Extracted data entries
○ ○ ○ ○ ○ ○ ○
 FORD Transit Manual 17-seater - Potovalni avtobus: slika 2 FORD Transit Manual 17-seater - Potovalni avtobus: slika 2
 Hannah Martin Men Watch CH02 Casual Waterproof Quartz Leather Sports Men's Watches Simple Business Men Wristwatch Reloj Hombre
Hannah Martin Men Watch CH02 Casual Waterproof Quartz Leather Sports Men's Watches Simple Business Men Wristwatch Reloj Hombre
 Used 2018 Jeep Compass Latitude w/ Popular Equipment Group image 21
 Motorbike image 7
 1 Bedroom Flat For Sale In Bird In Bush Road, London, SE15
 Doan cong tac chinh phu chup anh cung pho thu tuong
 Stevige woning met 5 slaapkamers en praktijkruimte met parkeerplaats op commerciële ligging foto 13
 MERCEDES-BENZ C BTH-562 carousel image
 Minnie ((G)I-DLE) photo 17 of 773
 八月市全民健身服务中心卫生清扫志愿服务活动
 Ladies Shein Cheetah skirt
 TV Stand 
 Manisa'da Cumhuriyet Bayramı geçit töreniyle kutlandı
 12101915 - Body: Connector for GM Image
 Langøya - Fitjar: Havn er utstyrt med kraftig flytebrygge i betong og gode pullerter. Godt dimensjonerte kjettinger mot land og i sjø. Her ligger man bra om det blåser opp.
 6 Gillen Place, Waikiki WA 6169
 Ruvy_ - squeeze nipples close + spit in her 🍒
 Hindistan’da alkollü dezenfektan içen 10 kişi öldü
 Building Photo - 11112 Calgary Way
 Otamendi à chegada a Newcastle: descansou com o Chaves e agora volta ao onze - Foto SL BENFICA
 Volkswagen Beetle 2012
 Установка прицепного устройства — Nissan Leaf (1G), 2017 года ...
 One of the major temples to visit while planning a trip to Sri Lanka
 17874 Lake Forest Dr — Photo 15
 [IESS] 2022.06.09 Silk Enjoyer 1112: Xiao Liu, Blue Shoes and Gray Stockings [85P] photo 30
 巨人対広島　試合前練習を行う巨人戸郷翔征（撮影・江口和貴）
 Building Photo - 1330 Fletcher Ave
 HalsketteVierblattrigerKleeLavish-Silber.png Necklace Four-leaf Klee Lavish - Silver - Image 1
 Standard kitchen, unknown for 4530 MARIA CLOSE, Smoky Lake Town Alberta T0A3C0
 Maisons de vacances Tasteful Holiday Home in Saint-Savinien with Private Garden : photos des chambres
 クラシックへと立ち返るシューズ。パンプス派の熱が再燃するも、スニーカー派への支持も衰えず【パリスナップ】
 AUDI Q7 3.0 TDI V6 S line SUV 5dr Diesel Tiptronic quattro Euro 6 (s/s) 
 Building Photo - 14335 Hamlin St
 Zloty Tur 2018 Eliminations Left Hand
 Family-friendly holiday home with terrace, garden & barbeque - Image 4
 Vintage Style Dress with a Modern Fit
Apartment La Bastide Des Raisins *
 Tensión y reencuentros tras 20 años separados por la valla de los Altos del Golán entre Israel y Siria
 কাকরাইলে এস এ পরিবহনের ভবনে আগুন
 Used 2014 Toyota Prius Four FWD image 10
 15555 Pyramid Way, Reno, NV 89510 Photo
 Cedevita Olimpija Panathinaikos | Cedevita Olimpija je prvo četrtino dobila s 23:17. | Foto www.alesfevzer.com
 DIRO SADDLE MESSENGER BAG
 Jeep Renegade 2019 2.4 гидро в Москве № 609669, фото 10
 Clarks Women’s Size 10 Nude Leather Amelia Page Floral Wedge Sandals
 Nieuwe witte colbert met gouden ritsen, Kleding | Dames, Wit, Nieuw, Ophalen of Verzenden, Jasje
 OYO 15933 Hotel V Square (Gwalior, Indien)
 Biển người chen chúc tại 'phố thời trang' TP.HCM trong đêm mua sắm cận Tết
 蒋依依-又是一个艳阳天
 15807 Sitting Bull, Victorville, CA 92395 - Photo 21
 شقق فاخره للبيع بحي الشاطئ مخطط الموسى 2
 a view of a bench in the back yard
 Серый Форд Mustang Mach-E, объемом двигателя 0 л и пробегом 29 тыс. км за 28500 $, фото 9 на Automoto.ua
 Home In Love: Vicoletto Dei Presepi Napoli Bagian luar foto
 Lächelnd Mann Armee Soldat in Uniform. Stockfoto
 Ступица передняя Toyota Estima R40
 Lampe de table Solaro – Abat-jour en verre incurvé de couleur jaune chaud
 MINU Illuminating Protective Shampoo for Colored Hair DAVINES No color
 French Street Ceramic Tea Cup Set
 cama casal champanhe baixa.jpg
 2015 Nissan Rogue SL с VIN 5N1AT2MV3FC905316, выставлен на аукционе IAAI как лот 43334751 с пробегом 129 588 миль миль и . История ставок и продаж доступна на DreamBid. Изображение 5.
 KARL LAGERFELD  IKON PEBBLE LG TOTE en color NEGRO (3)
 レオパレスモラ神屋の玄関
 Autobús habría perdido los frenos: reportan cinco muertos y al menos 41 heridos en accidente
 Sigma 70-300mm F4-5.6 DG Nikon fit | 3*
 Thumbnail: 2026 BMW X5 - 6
○ ○ ○ ○ ○ ○ ○
● What to work on
Please show every line of the entries above that contains the word "Leather".

● Answer space
 Hannah Martin Men Watch CH02 Casual Waterproof Quartz Leather Sports Men's Watches Simple Business Men Wristwatch Reloj Hombre
Hannah Martin Men Watch CH02 Casual Waterproof Quartz Leather Sports Men's Watches Simple Business Men Wristwatch Reloj Hombre
 Clarks Women’s Size 10 Nude Leather Amelia Page Floral Wedge Sandals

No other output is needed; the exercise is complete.